Genji looked at Hanzo now, “he makes a good point.”
“I need to think before we talk about this more.” Hanzo sighed, settling into his chair more. Genji nodded, going back to playing with the cat and McCree excused himself under the guise of going to find his hat. Well, Hanzo thought it was an excuse, but really, he wouldn’t doubt if McCree earnestly felt he needed to go find his hat at that very moment.
“ He seems like a good person. ” Genji said as soon as McCree was out of earshot.
“Stop speaking Japanese, it’s rude.” Hanzo felt his face get warm again, turning himself slightly so he wouldn’t have to look directly at Genji. Genji laughed though, and he carefully used the cat toy to lure Princess to Hanzo’s feet.
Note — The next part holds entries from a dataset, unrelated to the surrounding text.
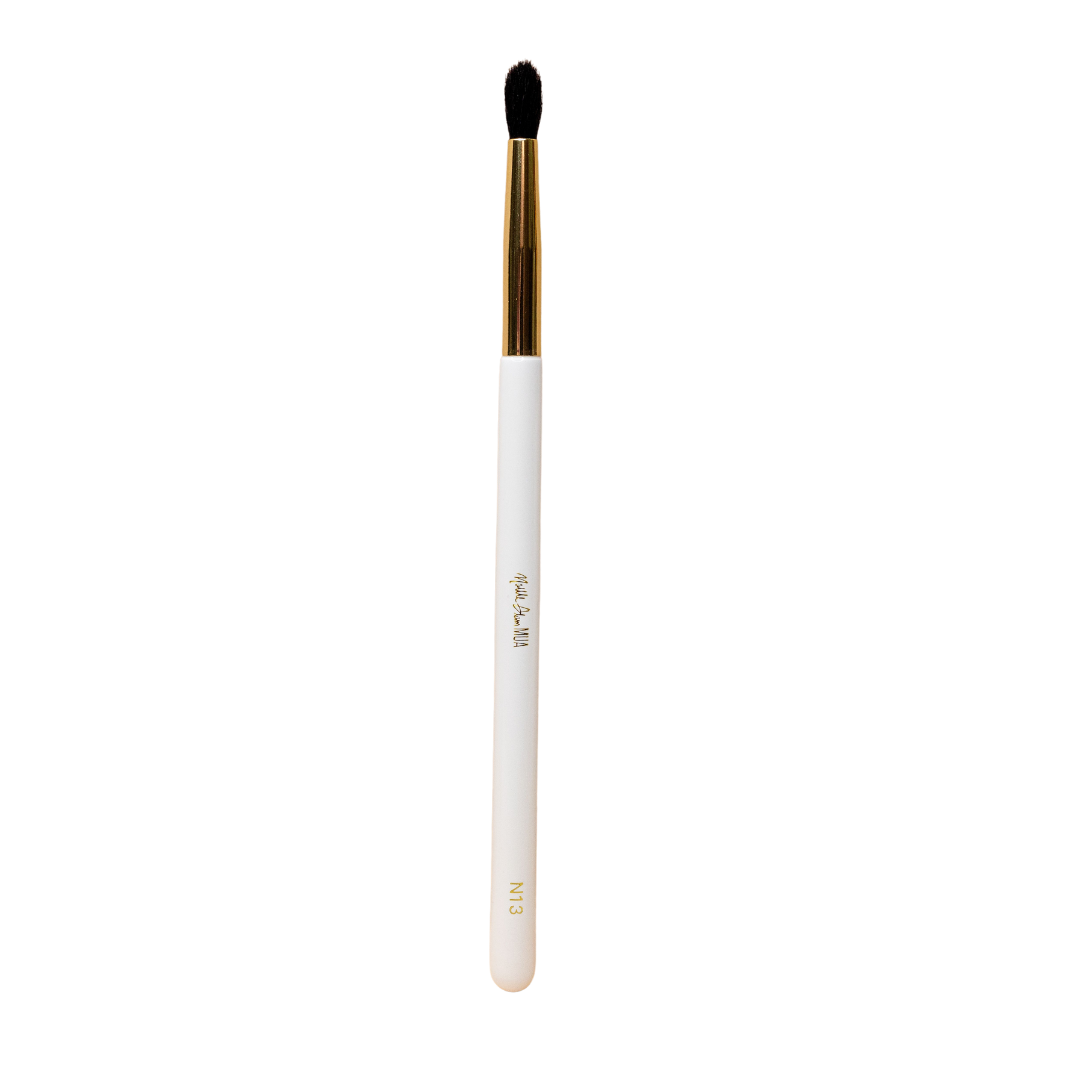 N13 Small Blending Brush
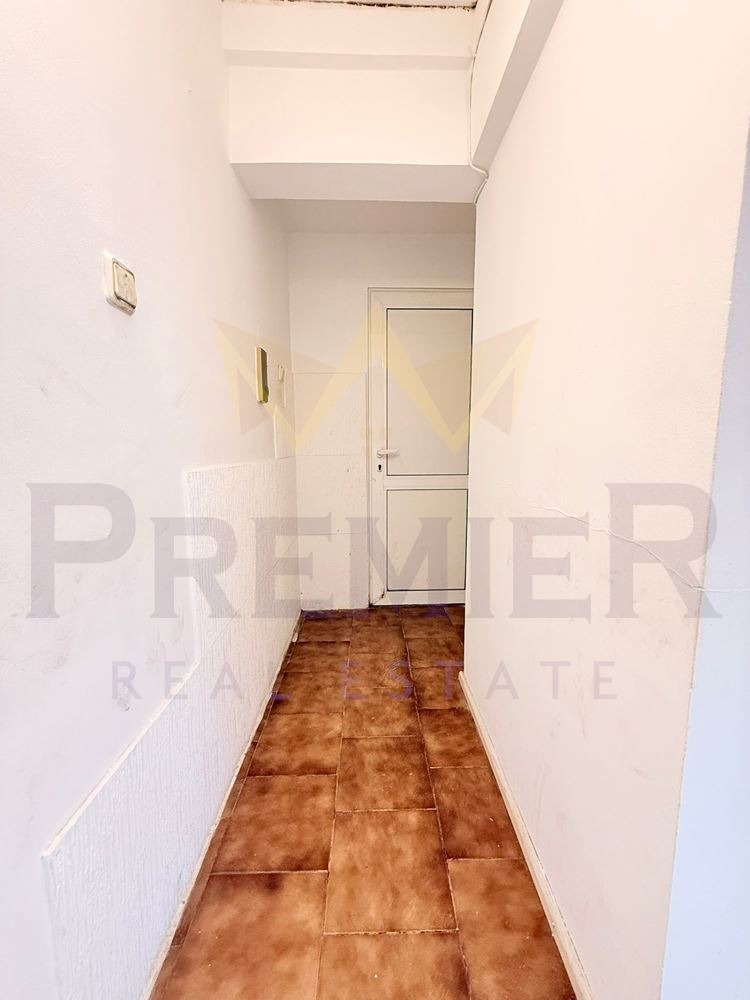 Продава 3-СТАЕН, гр. Варна, Централна поща, снимка 6 - Апартаменти - 53915809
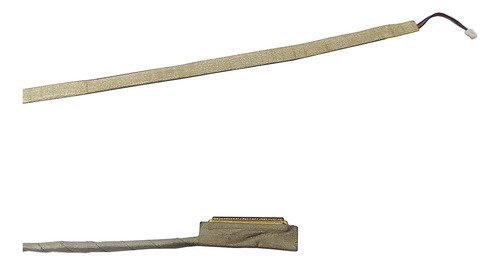 Cable Flex De Video Ultrabook Exo Nifty X300v - Image 4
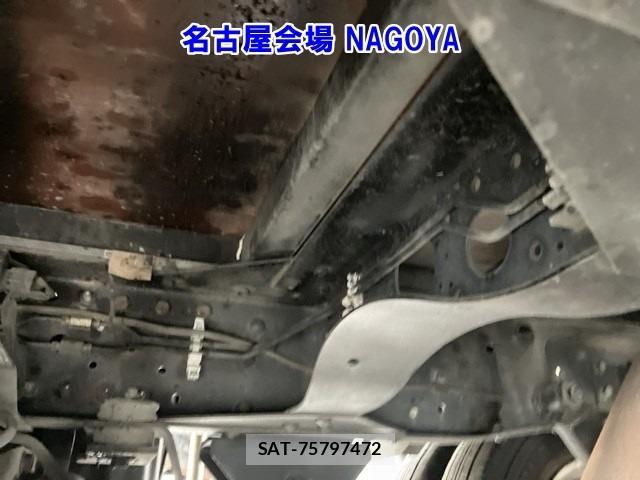Mazda TITAN 2015 8747603-18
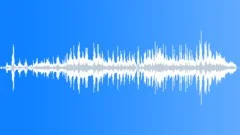 Nostalgic HistoryStock Music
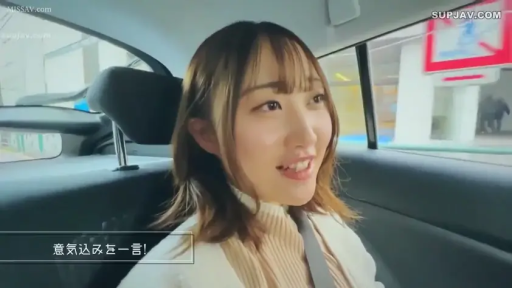 一致したフレーム 1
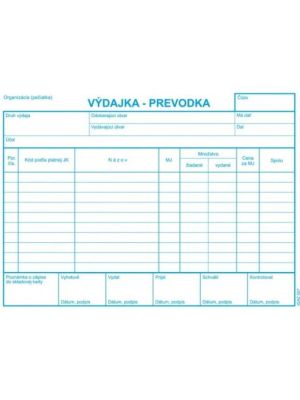 Etikety tabelačné 101,6x36mm APLI 1 radové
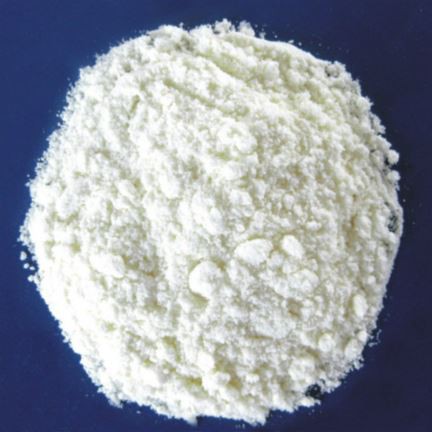 goso nga Nagpapadagmit nga TiBTD .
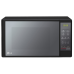 Мікрохвильова піч LG MS2042DARB (6509550) Мікрохвильова піч LG MS2042DARB (6509550)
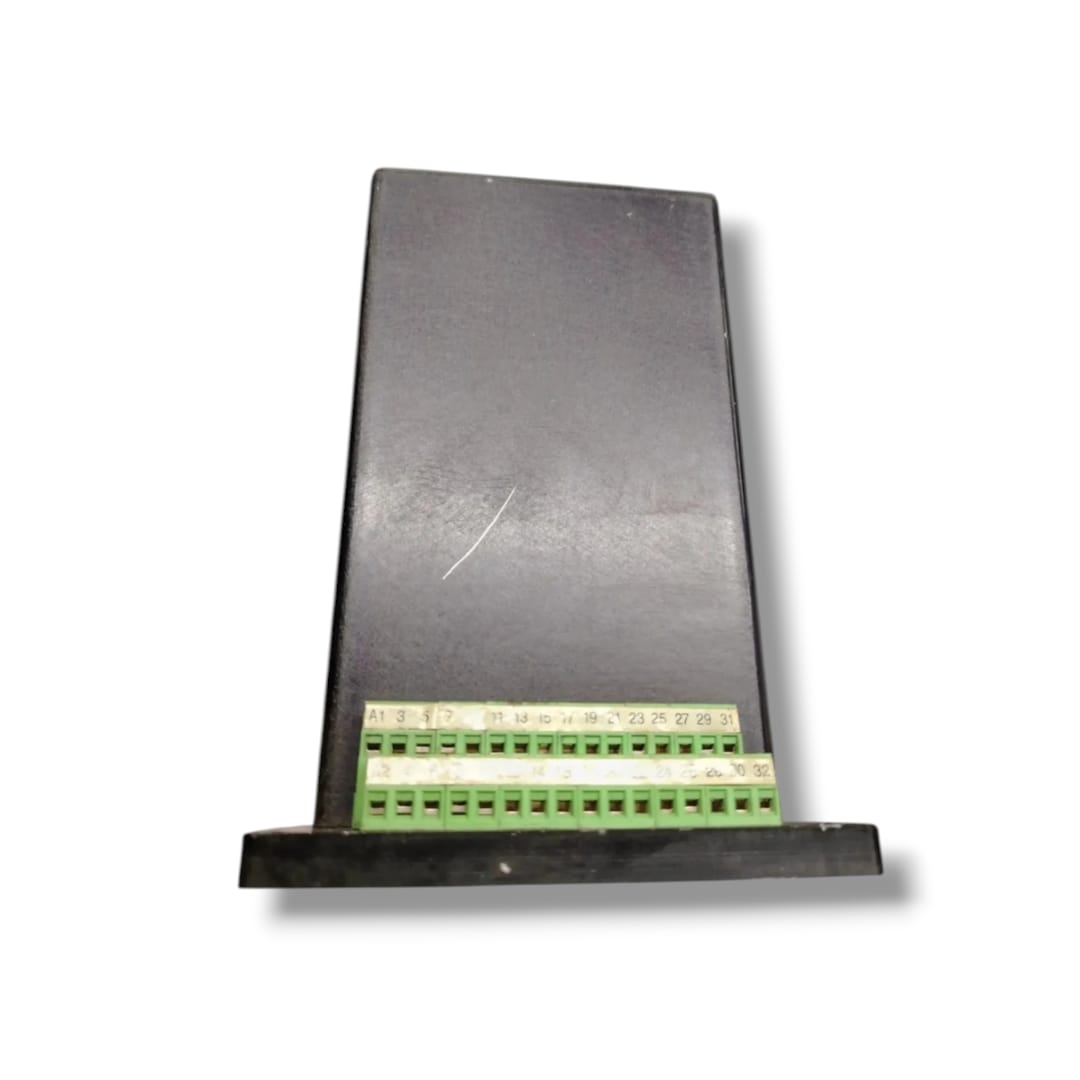 DATA LOGIC HS860B PARALLEL CONTROLLER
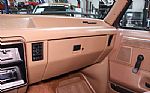 1988 F250 Lariat XLT Thumbnail 46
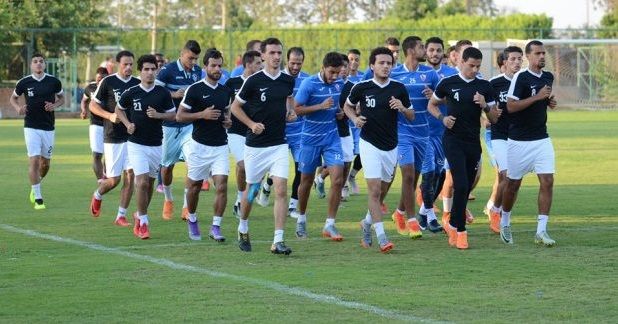 zamalek-9898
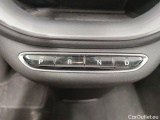  Fiat  500 Fiat C e 42 kWh La Prima 2d #22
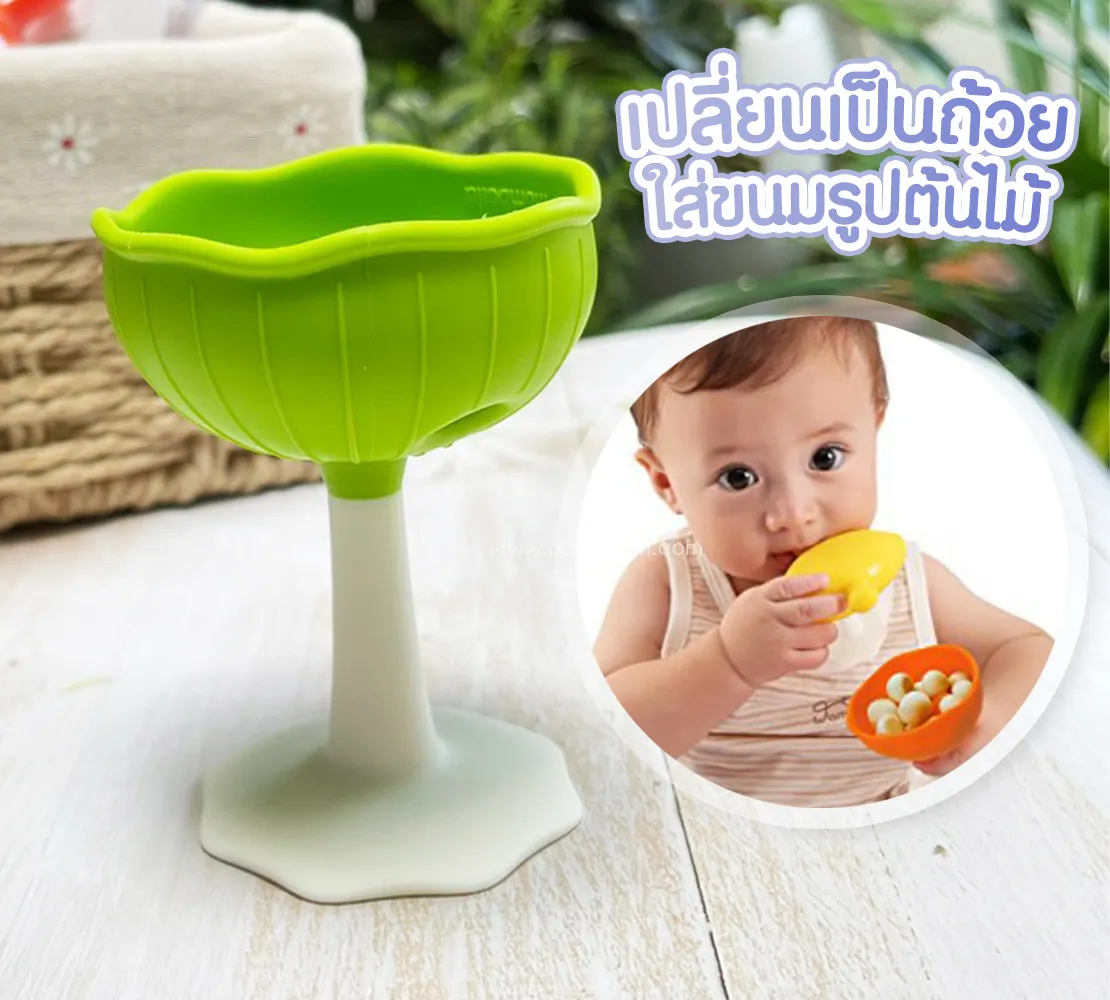Mombella ยางกัดเห็ด ภาพที่ 2 Mombella ยางกัดเห็ด ภาพที่ 2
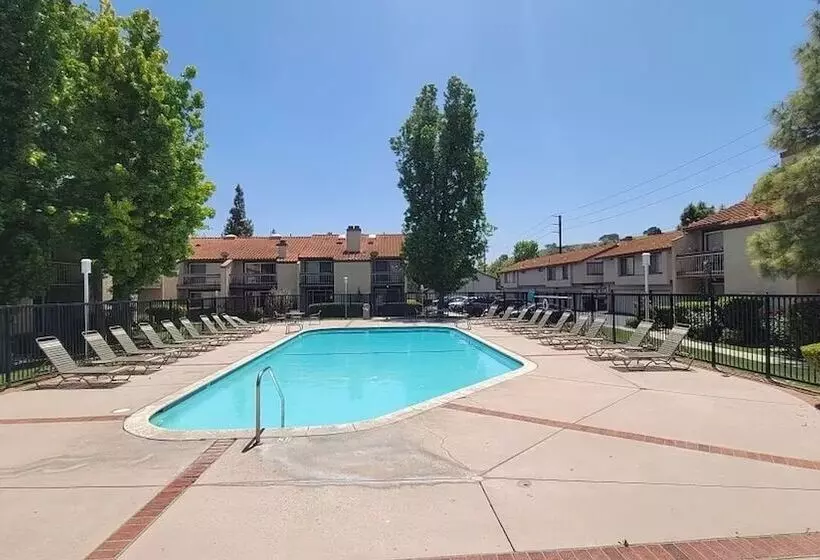 ペンション Beysicair Vacation Homes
“Fine,” Genji said, “I am glad that the two of you look so happy to be around each other.”
Hanzo shot a glare at his brother, who looked rather proud of himself. “You know that dad will hate all of this. He’s going to try to kill me himself if you tell him.”
“That is part of what I like about it.” Genji smiled, picking up Princess and petting her soft ears as he hid the feather toy behind his back. “Plus, mom would not let him, even if he tried, she would probably kill him before he could get to you.”
“That.” Hanzo chuckled, he couldn’t help it, “is probably true. I don’t think he’d win that fight.”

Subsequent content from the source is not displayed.